Re: Avoiding deadlocks when performing bulk update and delete operations

From: Igor Neyman <ineyman(at)perceptron(dot)com>
To: Sanjaya Vithanagama <svithanagama(at)gmail(dot)com>, "pgsql-general(at)postgresql(dot)org" <pgsql-general(at)postgresql(dot)org>
Subject: Re: Avoiding deadlocks when performing bulk update and delete operations
Date: 2014-11-24 14:34:10
Message-ID: A76B25F2823E954C9E45E32FA49D70ECC21C9348@mail.corp.perceptron.com
Views: Raw Message | Whole Thread | Download mbox | Resend email
Thread:
Lists: pgsql-general

From: pgsql-general-owner(at)postgresql(dot)org [mailto:pgsql-general-owner(at)postgresql(dot)org] On Behalf Of Sanjaya Vithanagama
Sent: Sunday, November 23, 2014 10:52 PM
To: pgsql-general(at)postgresql(dot)org
Subject: [GENERAL] Avoiding deadlocks when performing bulk update and delete operations

Hi All,

We have a single table which does not have any foreign key references.

id_A (bigint)
id_B (bigint)
val_1 (varchar)
val_2 (varchar)

The primary key of the table is a composite of id_A and id_B.

Reads and writes of this table are highly concurrent and the table has millions of rows. We have several stored procedures which do mass updates and deletes. Those stored procedures are being called concurrently mainly by triggers and application code.

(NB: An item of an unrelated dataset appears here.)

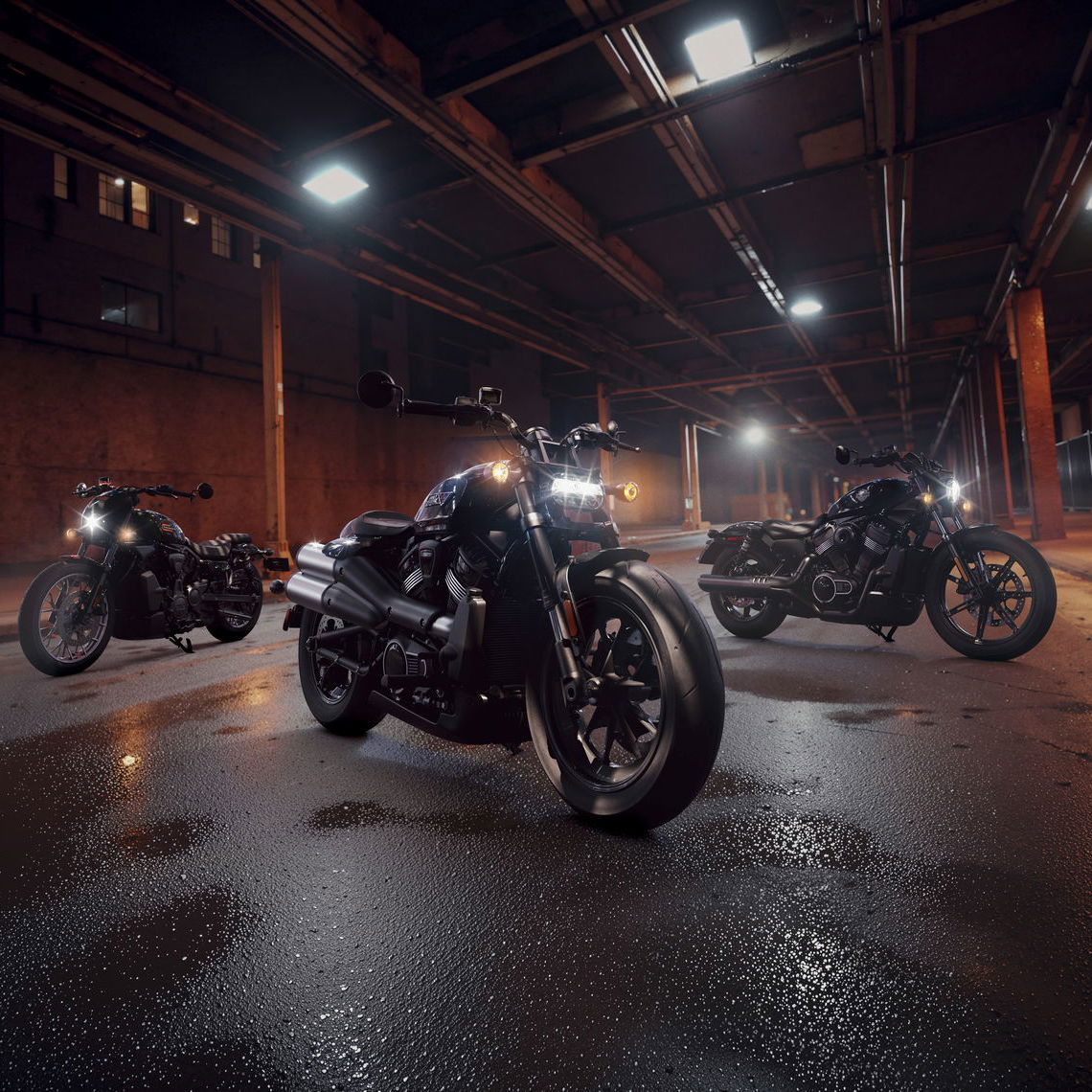 Harley-Davidson sport models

The operations usually look like the following where it could match thousands of records to update or delete:

DELETE FROM table_name t
USING (
SELECT id_A, id_B
FROM table_name
WHERE id_A = ANY(array_of_id_A)
AND id_B = ANY(array_of_id_B)
ORDER BY id_A, id_B
FOR UPDATE
) del
WHERE t.id_A = del.id_A
AND t.id_B = del.id_B;

UPDATE table_name t
SET val_1 = 'some value'
, val_2 = 'some value'
FROM (
SELECT id_A, id_B
FROM table_name
WHERE id_A = ANY(array_of_id_A)
AND id_B = ANY(array_of_id_B)
ORDER BY id_A, id_B
FOR UPDATE
) upd
WHERE t.id_A = upd.id_A
AND t.id_B = upd.id_B;

We are experiencing deadlocks and all our attempts to perform operations with locks (row level using SELECT FOR UPDATE as used in the above queries and table level locks) do not seem to solve these deadlock issues. (Note that we cannot in any way use access exclusive locking on this table because of the performance impact)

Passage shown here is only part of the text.